Exercise directions
Exactly the lines from the one containing "Brique de rangement" through the end of the entries, both ends included, are to be output.

(Input material)

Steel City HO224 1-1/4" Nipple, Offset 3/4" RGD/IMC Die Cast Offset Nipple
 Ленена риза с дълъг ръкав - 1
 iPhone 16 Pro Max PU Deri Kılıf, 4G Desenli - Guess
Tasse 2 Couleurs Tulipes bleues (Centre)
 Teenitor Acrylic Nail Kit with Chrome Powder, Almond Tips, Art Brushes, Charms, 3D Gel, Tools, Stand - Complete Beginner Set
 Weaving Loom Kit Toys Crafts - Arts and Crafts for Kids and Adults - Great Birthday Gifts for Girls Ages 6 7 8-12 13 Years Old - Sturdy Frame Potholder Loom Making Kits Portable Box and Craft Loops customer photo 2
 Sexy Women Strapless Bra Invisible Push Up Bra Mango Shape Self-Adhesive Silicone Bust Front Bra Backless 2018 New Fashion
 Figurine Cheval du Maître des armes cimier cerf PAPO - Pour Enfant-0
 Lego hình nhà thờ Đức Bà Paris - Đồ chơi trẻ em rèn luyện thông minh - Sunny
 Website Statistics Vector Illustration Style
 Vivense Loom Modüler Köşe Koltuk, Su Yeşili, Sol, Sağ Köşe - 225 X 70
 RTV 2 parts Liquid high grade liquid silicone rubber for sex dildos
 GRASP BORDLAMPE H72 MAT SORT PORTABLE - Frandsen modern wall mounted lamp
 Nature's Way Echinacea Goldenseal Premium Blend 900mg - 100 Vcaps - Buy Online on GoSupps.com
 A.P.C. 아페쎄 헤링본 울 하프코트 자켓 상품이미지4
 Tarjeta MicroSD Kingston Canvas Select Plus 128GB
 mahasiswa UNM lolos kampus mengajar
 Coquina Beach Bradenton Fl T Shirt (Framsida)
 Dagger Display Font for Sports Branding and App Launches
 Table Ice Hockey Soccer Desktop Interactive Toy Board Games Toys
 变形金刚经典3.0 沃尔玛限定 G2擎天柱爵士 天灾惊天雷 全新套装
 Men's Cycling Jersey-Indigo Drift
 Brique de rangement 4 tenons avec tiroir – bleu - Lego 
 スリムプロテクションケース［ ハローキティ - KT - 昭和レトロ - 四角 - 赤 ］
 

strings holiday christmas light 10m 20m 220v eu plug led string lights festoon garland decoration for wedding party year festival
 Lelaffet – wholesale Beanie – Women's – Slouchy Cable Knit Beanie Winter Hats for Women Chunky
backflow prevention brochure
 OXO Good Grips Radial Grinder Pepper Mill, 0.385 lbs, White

(End Input material)

Task solution
 Brique de rangement 4 tenons avec tiroir – bleu - Lego 
 スリムプロテクションケース［ ハローキティ - KT - 昭和レトロ - 四角 - 赤 ］
 

strings holiday christmas light 10m 20m 220v eu plug led string lights festoon garland decoration for wedding party year festival
 Lelaffet – wholesale Beanie – Women's – Slouchy Cable Knit Beanie Winter Hats for Women Chunky
backflow prevention brochure
 OXO Good Grips Radial Grinder Pepper Mill, 0.385 lbs, White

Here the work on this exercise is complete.